Eventually his search leads to a man now called A-Kim. Each step of
Imamura’s hopscotch journey to and from Singapore and Malaysia offers
new insights into Southeast Asia’s violent history. Given directions to a
Chinese village where A-Kim is said to live, Imamura discovers that
it’s no longer there: burned down by the British after the war because
it was thought to harbor Communists, it’s now an Indian village. A-Kim,
once found, turns out to be a convert to Islam, a suitable choice,
Imamura decides, for a man “whose entire youth was stolen by war.”

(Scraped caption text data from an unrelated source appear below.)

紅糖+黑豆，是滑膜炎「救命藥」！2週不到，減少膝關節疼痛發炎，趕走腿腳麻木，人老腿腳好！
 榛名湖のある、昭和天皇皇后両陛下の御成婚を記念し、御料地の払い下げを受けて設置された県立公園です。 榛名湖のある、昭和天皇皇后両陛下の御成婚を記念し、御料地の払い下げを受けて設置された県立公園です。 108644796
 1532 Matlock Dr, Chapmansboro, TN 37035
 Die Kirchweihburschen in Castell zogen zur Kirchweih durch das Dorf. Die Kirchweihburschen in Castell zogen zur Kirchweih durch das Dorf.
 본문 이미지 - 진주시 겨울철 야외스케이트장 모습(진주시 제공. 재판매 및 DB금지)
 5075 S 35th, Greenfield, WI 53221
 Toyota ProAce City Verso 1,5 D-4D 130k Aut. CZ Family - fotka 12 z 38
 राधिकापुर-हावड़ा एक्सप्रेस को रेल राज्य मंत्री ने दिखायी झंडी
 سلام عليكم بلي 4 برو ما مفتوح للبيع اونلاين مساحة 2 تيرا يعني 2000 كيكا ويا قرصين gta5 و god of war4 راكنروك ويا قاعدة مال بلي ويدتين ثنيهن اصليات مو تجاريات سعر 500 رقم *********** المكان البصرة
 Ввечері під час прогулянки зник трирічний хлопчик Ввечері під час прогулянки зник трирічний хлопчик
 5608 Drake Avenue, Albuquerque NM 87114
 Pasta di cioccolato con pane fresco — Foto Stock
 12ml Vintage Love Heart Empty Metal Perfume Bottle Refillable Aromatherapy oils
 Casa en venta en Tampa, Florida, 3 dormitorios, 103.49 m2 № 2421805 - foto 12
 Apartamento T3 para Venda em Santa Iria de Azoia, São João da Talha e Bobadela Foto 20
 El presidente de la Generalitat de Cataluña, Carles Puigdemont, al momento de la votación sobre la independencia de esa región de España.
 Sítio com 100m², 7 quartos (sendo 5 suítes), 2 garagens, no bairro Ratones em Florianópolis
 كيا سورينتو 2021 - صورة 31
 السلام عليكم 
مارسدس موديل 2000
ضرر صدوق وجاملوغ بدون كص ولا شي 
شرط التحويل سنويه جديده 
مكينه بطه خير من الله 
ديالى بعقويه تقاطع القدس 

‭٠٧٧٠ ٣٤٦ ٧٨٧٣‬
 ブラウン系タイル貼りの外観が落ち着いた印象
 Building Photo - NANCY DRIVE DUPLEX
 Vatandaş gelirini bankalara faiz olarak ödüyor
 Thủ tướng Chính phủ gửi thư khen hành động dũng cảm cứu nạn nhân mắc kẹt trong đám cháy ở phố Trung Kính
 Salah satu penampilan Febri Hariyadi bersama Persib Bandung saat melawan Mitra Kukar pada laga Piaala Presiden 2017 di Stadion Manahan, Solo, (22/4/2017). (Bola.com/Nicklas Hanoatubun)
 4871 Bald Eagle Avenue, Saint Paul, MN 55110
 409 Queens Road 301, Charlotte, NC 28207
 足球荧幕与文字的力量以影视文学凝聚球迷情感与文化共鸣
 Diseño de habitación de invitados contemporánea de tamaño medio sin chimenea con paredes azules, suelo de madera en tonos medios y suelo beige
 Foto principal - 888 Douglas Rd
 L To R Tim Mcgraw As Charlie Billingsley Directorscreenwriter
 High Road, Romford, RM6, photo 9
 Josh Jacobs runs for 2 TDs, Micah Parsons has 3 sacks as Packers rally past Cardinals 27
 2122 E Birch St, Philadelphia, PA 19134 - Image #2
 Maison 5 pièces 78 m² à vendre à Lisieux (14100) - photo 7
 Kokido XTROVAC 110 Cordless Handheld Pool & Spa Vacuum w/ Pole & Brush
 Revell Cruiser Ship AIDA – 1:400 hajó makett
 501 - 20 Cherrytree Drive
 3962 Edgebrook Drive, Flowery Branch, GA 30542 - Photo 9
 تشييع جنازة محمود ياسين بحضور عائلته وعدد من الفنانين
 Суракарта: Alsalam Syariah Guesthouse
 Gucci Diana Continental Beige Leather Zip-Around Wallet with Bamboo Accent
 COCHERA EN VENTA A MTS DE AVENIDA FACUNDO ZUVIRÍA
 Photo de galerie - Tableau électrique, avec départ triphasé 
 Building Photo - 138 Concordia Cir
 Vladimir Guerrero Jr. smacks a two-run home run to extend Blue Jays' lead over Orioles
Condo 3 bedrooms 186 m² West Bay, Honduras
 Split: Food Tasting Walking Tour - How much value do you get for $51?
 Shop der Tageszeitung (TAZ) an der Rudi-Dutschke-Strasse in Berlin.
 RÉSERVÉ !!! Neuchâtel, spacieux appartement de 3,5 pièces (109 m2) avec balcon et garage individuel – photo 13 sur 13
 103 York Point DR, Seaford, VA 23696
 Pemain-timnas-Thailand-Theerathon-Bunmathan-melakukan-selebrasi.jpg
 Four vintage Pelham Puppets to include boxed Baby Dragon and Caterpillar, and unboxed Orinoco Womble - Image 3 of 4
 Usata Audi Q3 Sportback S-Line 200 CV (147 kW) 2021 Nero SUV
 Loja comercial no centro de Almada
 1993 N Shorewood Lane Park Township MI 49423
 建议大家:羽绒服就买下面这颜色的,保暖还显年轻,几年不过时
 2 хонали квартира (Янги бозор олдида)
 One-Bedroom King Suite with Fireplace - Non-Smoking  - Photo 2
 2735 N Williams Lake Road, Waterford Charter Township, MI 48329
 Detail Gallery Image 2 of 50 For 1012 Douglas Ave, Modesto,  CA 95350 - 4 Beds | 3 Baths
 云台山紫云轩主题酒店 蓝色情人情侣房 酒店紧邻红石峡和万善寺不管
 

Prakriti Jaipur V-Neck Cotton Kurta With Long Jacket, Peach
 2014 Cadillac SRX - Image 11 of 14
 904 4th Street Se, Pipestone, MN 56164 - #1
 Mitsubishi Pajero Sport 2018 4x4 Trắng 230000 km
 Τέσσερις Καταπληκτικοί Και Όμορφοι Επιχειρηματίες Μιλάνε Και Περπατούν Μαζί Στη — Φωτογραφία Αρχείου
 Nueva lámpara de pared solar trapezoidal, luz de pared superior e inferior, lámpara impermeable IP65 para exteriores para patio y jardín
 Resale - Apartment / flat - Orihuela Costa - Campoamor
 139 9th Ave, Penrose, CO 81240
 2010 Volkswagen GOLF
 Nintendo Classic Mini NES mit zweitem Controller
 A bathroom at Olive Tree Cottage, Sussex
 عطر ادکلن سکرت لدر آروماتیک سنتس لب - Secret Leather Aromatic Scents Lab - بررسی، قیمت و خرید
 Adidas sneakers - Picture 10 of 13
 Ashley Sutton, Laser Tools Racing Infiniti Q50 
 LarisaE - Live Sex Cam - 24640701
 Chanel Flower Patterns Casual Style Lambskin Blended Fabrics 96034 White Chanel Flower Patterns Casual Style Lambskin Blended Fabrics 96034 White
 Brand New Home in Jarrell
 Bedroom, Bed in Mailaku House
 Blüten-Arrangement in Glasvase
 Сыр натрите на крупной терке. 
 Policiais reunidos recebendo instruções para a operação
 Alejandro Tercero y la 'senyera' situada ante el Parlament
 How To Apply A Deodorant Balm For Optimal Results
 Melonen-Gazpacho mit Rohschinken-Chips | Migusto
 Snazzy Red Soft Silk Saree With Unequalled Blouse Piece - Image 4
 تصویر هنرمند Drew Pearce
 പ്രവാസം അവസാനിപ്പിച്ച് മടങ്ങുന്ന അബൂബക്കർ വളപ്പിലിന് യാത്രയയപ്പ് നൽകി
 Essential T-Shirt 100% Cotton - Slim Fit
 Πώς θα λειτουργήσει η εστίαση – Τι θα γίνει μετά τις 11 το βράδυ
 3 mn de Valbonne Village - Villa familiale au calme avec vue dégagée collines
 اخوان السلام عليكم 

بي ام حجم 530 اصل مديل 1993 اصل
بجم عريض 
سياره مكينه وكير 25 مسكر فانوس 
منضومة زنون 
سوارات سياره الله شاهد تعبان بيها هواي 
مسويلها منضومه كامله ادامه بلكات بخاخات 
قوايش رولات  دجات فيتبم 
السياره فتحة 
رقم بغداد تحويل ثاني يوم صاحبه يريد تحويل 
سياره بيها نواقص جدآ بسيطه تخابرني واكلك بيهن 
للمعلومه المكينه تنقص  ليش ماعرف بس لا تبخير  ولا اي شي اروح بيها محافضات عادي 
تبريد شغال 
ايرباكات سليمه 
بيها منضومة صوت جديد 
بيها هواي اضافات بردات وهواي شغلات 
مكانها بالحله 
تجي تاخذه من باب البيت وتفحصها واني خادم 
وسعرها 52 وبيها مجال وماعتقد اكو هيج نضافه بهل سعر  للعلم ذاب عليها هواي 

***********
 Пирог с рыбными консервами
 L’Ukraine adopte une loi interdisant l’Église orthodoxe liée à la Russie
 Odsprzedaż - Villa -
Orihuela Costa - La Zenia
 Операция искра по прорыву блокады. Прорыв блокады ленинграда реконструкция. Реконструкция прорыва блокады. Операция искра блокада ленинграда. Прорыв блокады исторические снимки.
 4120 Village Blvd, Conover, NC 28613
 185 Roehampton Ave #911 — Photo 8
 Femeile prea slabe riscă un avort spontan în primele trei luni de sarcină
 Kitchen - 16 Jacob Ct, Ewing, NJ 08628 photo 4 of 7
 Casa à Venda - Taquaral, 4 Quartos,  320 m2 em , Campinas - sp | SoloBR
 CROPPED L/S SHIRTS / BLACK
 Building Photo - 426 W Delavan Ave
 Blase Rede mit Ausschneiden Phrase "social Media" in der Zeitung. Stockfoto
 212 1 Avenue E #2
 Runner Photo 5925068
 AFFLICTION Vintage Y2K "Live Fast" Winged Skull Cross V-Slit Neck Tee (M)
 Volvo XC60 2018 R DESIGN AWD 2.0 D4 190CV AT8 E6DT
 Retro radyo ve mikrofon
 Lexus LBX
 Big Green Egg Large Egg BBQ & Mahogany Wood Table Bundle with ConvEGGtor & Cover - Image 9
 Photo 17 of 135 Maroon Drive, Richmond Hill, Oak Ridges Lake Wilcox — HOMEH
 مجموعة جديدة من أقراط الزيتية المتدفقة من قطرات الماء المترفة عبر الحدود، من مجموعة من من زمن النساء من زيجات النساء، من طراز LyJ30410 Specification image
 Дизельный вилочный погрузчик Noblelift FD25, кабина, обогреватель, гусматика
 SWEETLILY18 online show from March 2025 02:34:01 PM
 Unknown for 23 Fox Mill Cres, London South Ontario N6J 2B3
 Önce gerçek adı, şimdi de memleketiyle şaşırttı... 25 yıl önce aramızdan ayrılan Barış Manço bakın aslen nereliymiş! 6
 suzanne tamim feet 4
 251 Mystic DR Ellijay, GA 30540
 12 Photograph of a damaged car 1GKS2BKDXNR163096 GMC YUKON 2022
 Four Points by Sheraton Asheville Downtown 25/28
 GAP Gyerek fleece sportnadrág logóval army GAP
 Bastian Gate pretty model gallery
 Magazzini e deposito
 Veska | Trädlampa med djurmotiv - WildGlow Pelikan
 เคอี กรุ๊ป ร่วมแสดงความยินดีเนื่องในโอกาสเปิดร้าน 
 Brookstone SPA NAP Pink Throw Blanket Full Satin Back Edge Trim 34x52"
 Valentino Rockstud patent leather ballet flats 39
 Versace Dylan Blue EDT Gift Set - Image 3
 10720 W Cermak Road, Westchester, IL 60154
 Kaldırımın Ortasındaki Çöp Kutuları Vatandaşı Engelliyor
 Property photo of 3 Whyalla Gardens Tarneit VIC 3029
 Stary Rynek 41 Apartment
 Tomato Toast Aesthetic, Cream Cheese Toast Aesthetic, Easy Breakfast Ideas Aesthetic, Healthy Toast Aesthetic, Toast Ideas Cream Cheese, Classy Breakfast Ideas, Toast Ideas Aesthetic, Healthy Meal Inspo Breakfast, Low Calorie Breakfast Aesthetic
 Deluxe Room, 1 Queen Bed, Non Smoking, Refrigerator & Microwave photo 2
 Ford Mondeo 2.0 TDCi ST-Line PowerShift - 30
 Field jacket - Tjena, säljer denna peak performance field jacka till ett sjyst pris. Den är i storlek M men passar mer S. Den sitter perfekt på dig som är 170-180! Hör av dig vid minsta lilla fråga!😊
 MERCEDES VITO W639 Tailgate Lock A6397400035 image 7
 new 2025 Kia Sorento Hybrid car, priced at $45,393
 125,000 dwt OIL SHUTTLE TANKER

In “Unreturned Soldiers in Thailand” Imamura quickly locates three
former Japanese servicemen who have accommodated themselves to Thai
life, and devotes the bulk of the film to a long, combative and
increasingly drunken conversation among them: Fujita, a former spy who
admits to burning Chinese captives alive and still worships the emperor;
Toshida, a disillusioned individualist; and Nakayama, who stares into
the distance and refuses to talk. The next day Fujita says of Toshida:
“If we were still soldiers, I’d kill him. That’s just how we are.”
“Outlaw-Matsu” recounts the loyal Fujita’s return to Japan, arranged by
Imamura, and “Karayuki-San” profiles a Japanese woman who was sent to
Malaysia to be a prostitute for Japanese soldiers and chose to stay. All
four films are part of Imamura’s project to recapture the reality of
the war “because we have forgotten such things in our peaceful present
lives.”
After 1975 Imamura returned to fiction, winning his Palme d’Ors and
gaining a late measure of recognition in America with the release of
“The Eel” and “Dr. Akagi” before his death
in 2006. The Anthology series is an opportunity, not to be missed, to
sample the work of a filmmaker who crossed and recrossed the documentary
boundary long before established figures like Werner Herzog, Jonathan
Demme and Spike Lee could do so without a second thought.